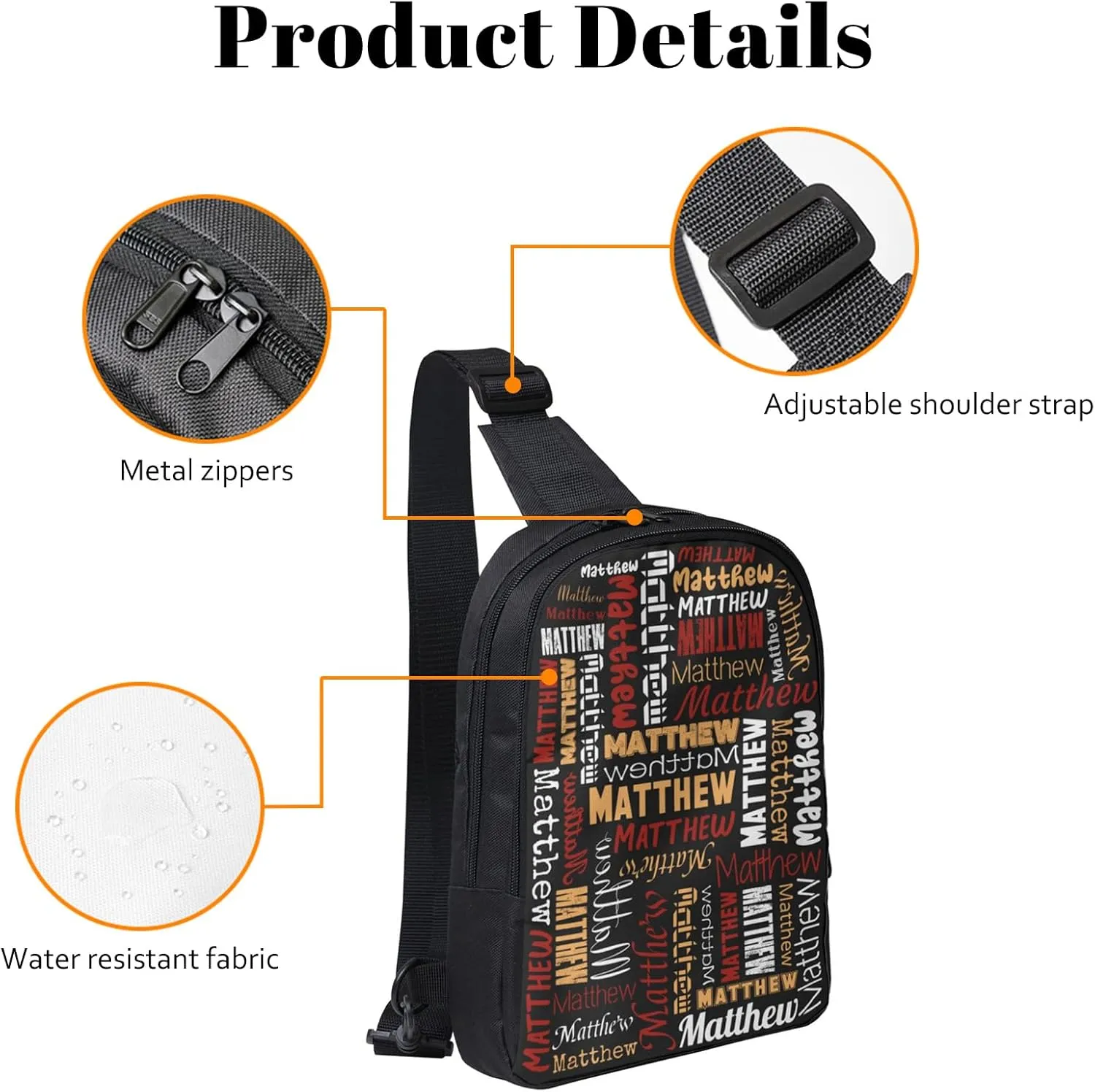 Personalized Crossbody Bags Customizable Chest Bag Customized Sling Bag Custom Sling Bags Customization Crossbody Bag
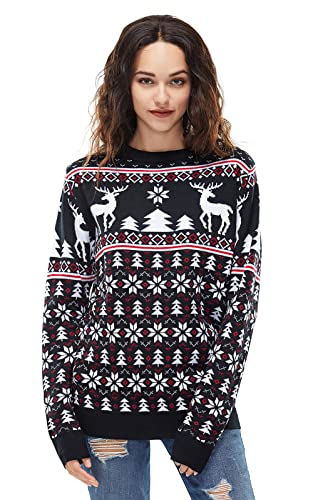 U LOOK UGLY TODAY Hässlicher Weihnachtspullover, Unisex Lustiger Chunky Fair Isle Gestrickter Festlicher Pullover für Party Reindeer and Snowflakes on Fleek-Schwarz 3XL von U LOOK UGLY TODAY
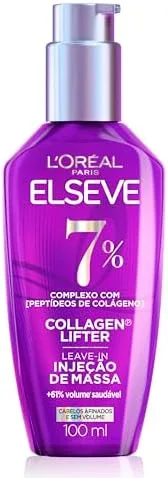 Elseve Collagen Lifter Leave-in Sérum Capilar Para Cabelos Finos Injeção de Massa com Peptídeos de Colágeno Aumenta o Volume em 61% e Encorpa os Fios por 72h 100ml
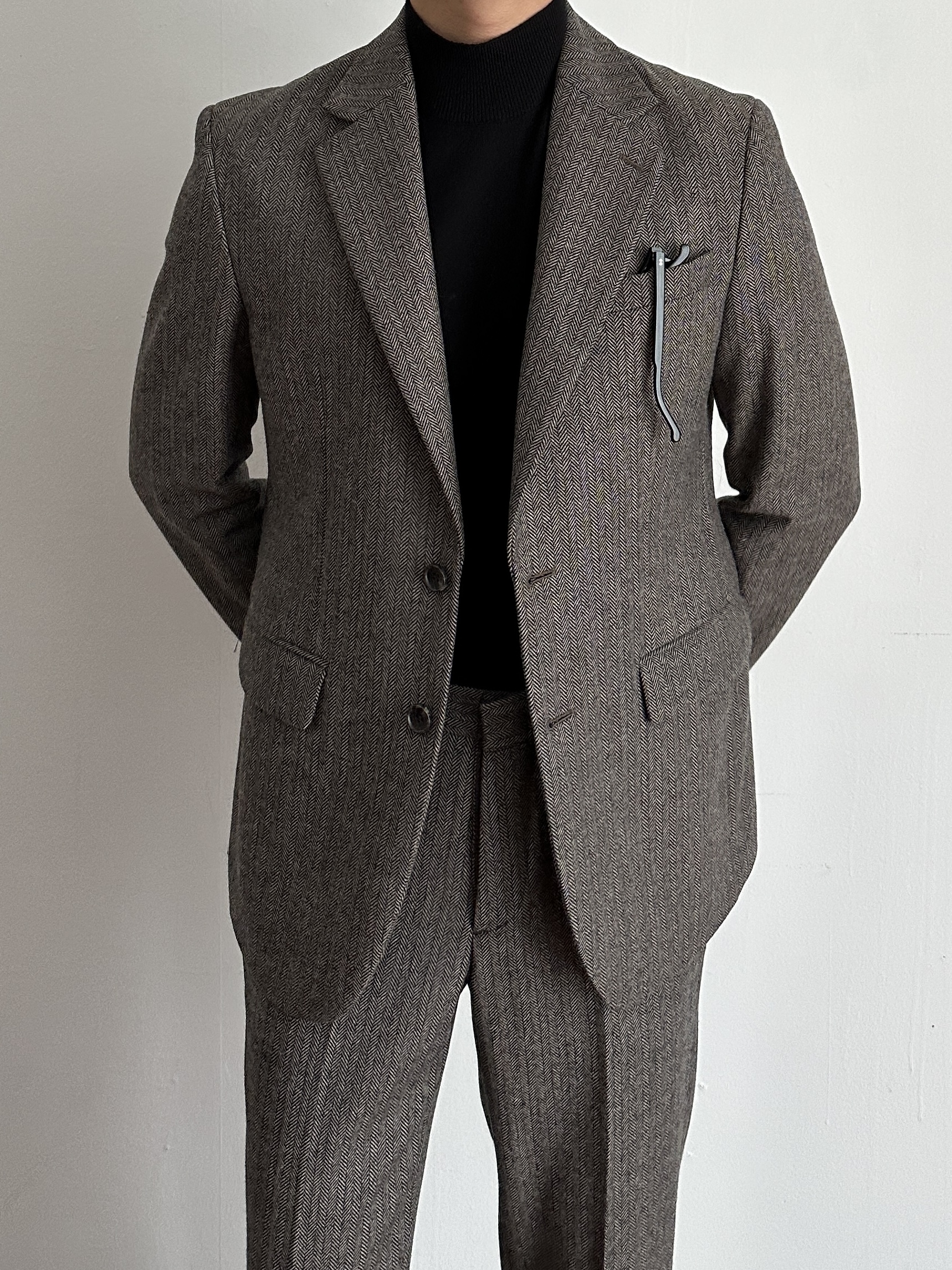 Wool Herringbone Suit - Brown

____________________

(WORK TO COMPLETE)
With pictures excluded, the material is to be written out exactly as given.

(ANSWER)
 Personalized Crossbody Bags Customizable Chest Bag Customized Sling Bag Custom Sling Bags Customization Crossbody Bag
 U LOOK UGLY TODAY Hässlicher Weihnachtspullover, Unisex Lustiger Chunky Fair Isle Gestrickter Festlicher Pullover für Party Reindeer and Snowflakes on Fleek-Schwarz 3XL von U LOOK UGLY TODAY
 Elseve Collagen Lifter Leave-in Sérum Capilar Para Cabelos Finos Injeção de Massa com Peptídeos de Colágeno Aumenta o Volume em 61% e Encorpa os Fios por 72h 100ml
 Wool Herringbone Suit - Brown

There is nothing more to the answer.